It is not the only malicious case. OSB is also proposing to weaken encryption standards for messaging platforms such as WhatsApp to better allow law enforcement agencies to investigate criminal activity, while enforcing automatic content moderation solutions such as client-side scanning to monitor the flow of illegal material over these communications networks. For activists like Jim Kellock, executive director of the Open Rights Group, such actions are an unacceptable interference by the government in the innate personal liberties of all users of these platforms (although there are An ongoing healthy discussion about how much these freedoms are at stake.) As such, Kellogg argues, “the privacy of 40 million chat users is threatened by this law.”

freedom of harassment

Although there is no set date for the bill to be considered again by the House of Commons, it is widely believed that it will be discussed again before Christmas. But as legal experts and free speech activists continue to debate the complex regulations, some argue that further delays in the bill would be disastrous for those receiving illegal and harmful content online.
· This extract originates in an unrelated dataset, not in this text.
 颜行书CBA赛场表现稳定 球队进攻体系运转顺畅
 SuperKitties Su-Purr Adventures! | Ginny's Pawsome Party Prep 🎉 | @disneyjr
The extent of this epidemic has recently been revealed study by the International Center for Journalists (ICFJ) and the University of Sheffield which, according to their authors, have revealed a “crisis of online violence towards women journalists”. For example, a sentiment analysis of about 75,000 tweets directed at the BBC’s Mariana Spring found that 55% intended to denigrate her as a journalist, while 27% considered her sexist and misogynistic (the rest were classified as generally offensive). A textbook case of how online violence can bleed into the physical world, a stalker even went so far as to leave a threatening message to a journalist on a notice board at the local train station.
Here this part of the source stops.